WHAT THE TASK ASKS: Pictures stay out of the copy. Retype exactly the lines below from the one with "Screenshot van website" through the one with "Contoh Sk Administrasi Operator Sekolah Pdf".

INPUT DATA:
◆ ◆ ◆ ◆

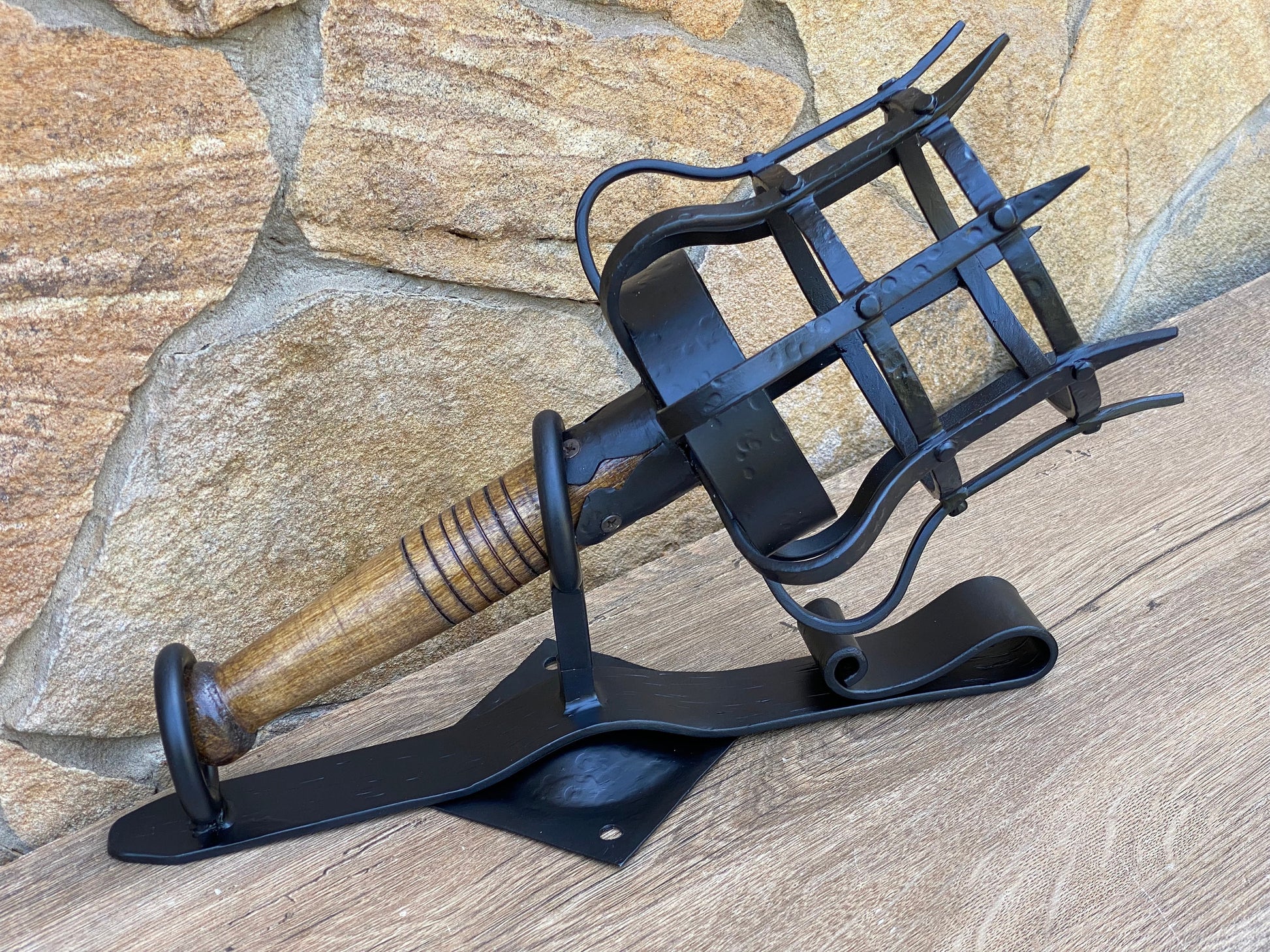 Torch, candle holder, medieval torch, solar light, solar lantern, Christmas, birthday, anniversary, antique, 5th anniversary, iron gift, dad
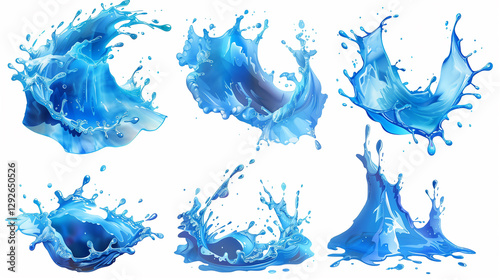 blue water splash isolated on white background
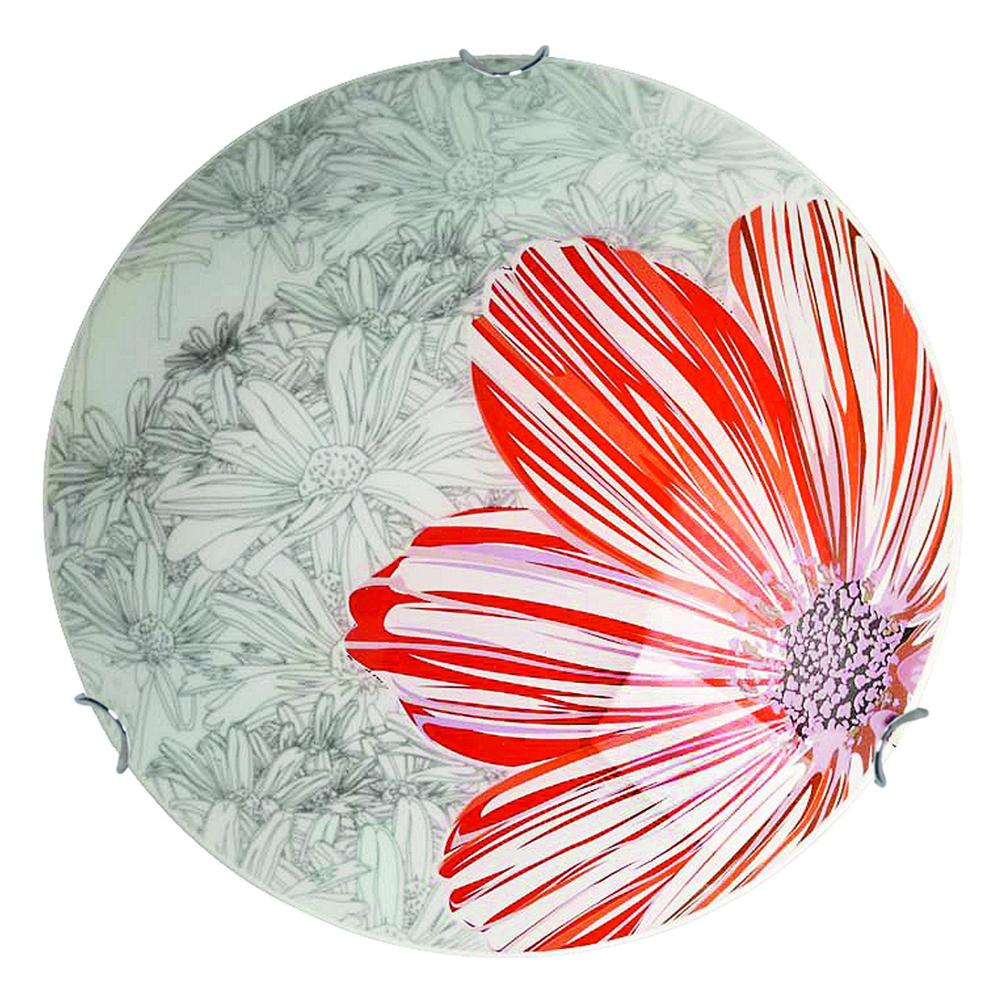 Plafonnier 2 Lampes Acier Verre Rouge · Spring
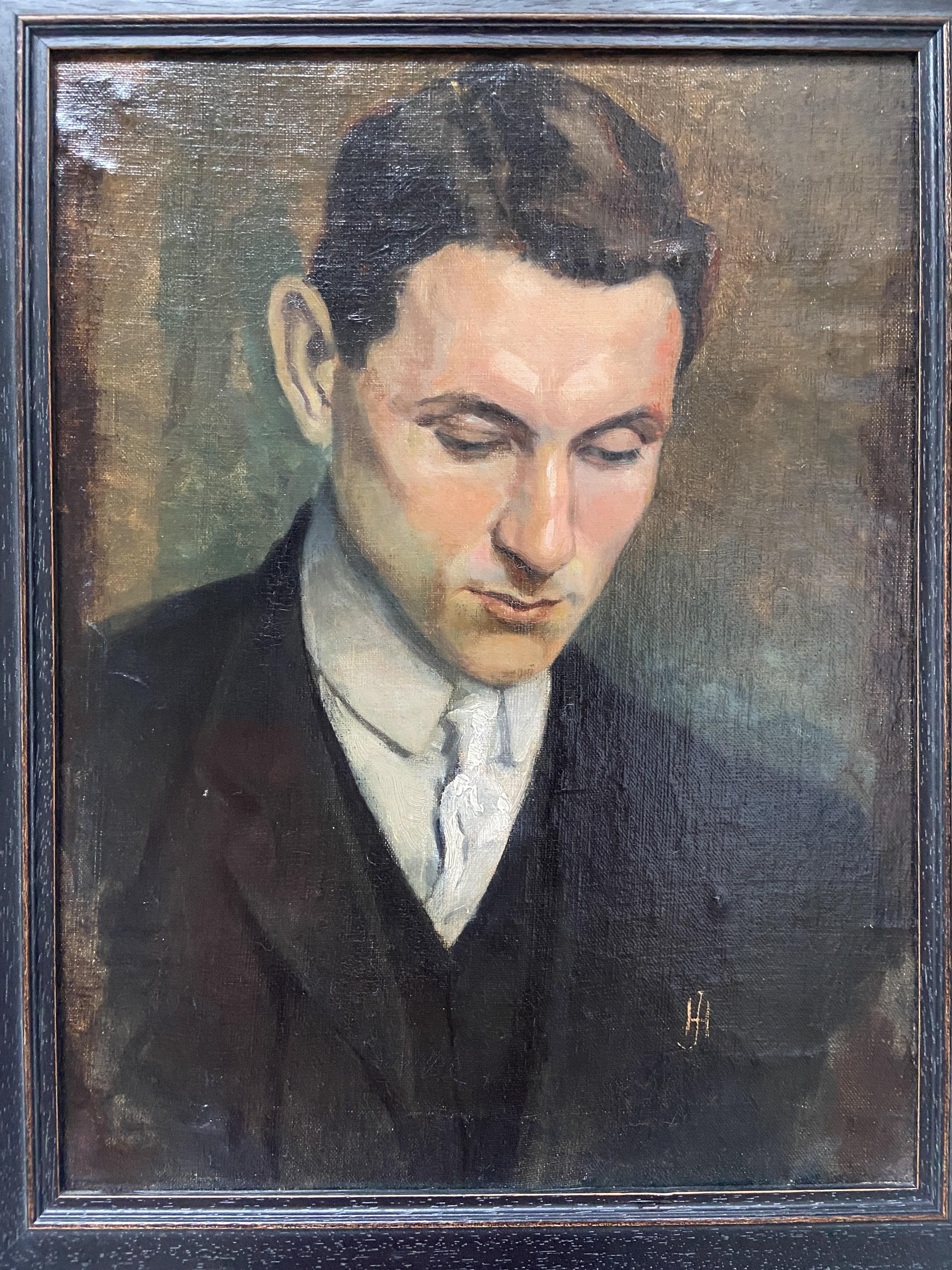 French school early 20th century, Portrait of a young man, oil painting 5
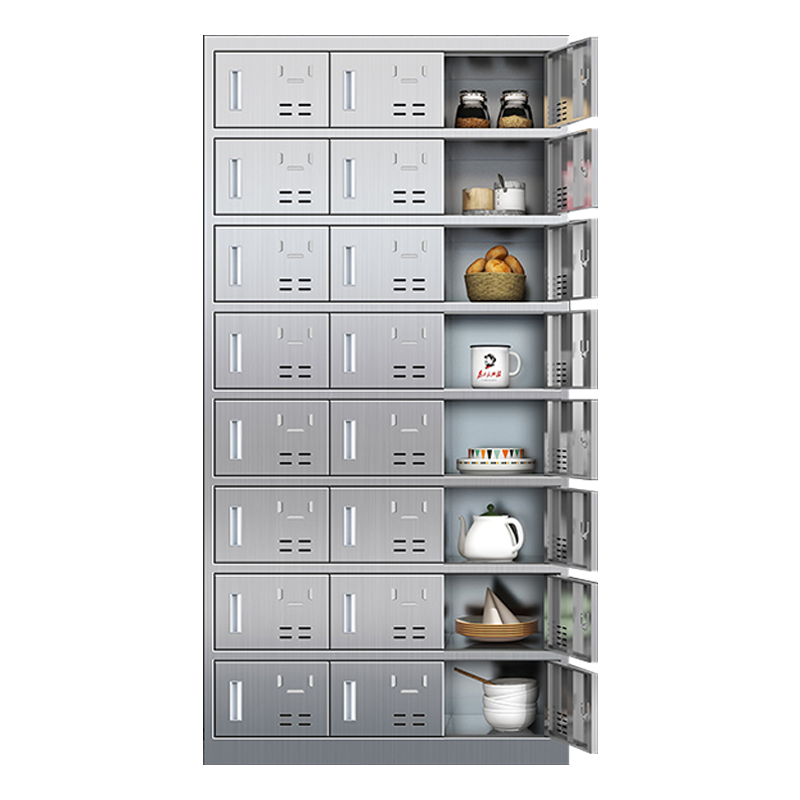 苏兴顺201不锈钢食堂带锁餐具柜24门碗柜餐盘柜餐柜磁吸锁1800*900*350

◆ ◆ ◆ ◆

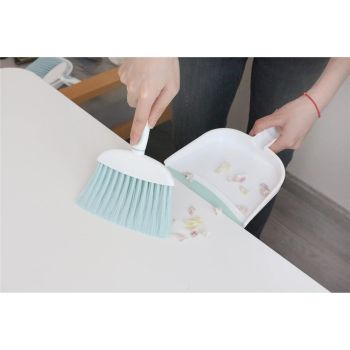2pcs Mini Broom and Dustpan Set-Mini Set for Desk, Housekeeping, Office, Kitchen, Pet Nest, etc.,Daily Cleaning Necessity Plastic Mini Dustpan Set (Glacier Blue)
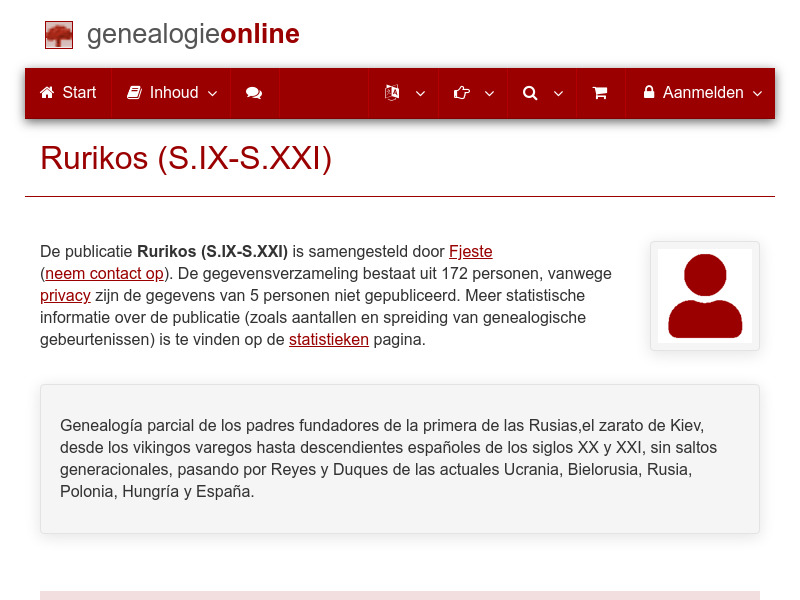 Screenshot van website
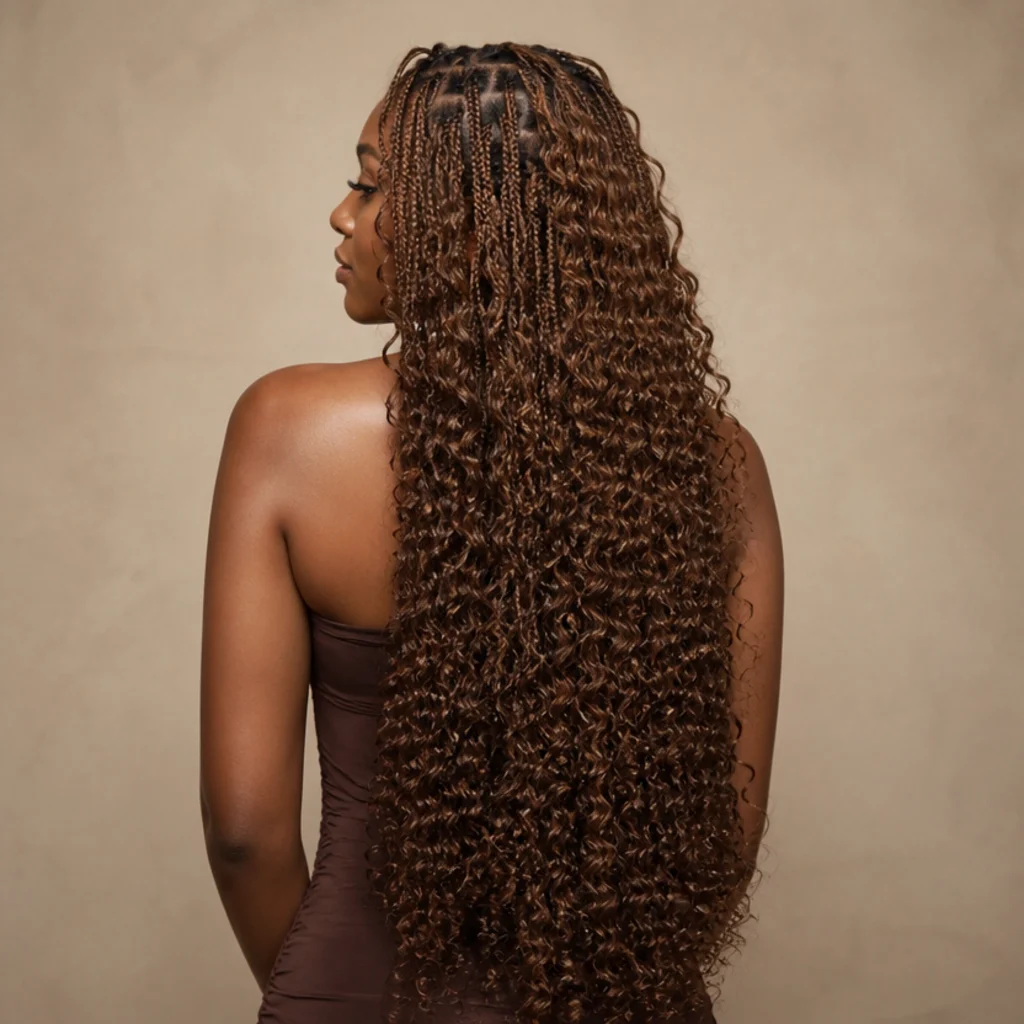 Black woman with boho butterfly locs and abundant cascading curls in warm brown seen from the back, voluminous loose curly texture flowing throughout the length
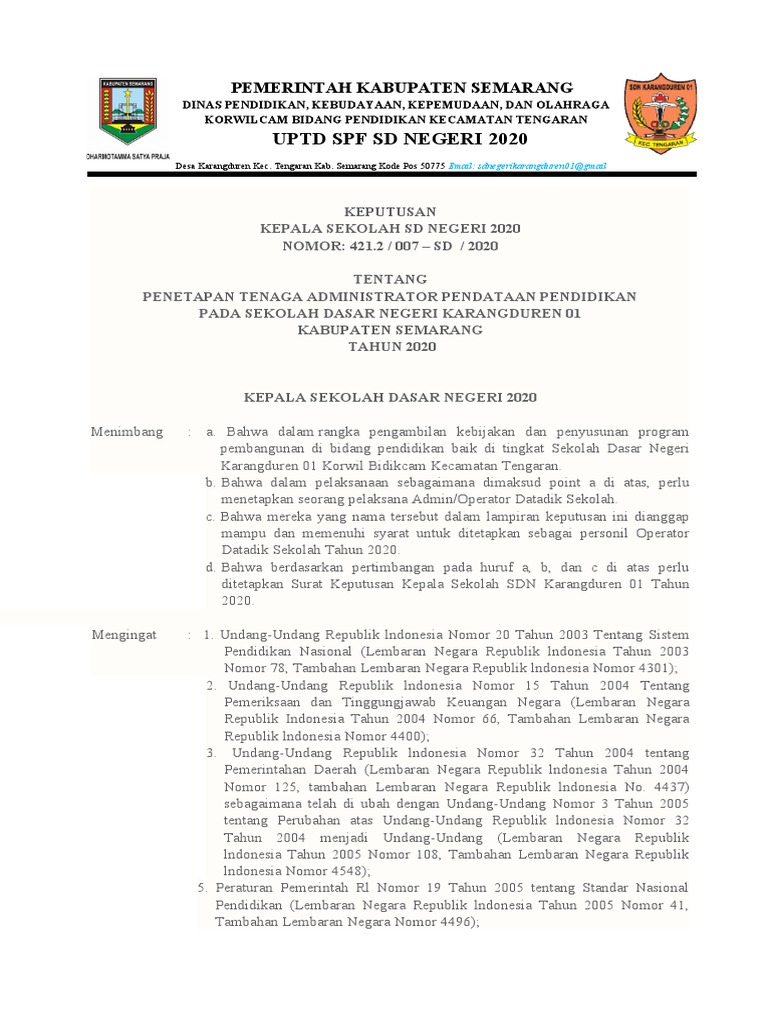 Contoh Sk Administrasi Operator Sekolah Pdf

◆ ◆ ◆ ◆

RESPONSE TO THE EXERCISE:
 Screenshot van website
 Black woman with boho butterfly locs and abundant cascading curls in warm brown seen from the back, voluminous loose curly texture flowing throughout the length
 Contoh Sk Administrasi Operator Sekolah Pdf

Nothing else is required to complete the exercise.